Definition of Margin account:
A type of brokerage account which allows investors to purchase securities with borrowed funds, requiring a deposit of cash or assets as collateral to cover the risk on such transactions.
Cash or securities deposited by a speculator with a stockbroker as the margin requirement for the securities purchased with a loan advanced by the stockbroker. The value of a margin account is usually one-half of the loan.
A margin account is a brokerage account in which the broker lends the customer cash to purchase stocks or other financial products. The loan in the account is collateralized by the securities purchased and cash, and comes with a periodic interest rate. Because the customer is investing with borrowed money, the customer is using leverage which will magnify profits and losses for the customer.
If an investor purchases securities with margin funds, and those securities appreciate in value beyond the interest rate charged on the funds, the investor will earn a better total return than if they had only purchased securities with their own cash.

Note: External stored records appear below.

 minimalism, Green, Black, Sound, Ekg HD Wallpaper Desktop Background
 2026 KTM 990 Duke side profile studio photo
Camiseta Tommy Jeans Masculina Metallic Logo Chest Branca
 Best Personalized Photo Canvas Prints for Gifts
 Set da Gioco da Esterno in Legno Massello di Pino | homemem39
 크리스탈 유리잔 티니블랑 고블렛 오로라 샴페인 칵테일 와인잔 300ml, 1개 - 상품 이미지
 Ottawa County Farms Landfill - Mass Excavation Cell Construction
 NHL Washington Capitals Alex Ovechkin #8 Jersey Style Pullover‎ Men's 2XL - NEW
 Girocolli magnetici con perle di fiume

This is the advantage of using margin funds.
How to use Margin account in a sentence?
- Margin increases the profit and loss potential of the trader's capital.
- A margin account typically allows a trader to trade other financial products, such as futures and options (if approved and available with that broker), as well as stocks.
- When trading stocks, a margin fee or interest is charged on borrowed funds.
- He had a margin account which let him borrow up to half the cost of the stock he wanted.
- A margin account allows a trader to borrow funds from a broker, and not need to put up the entire value of a trade.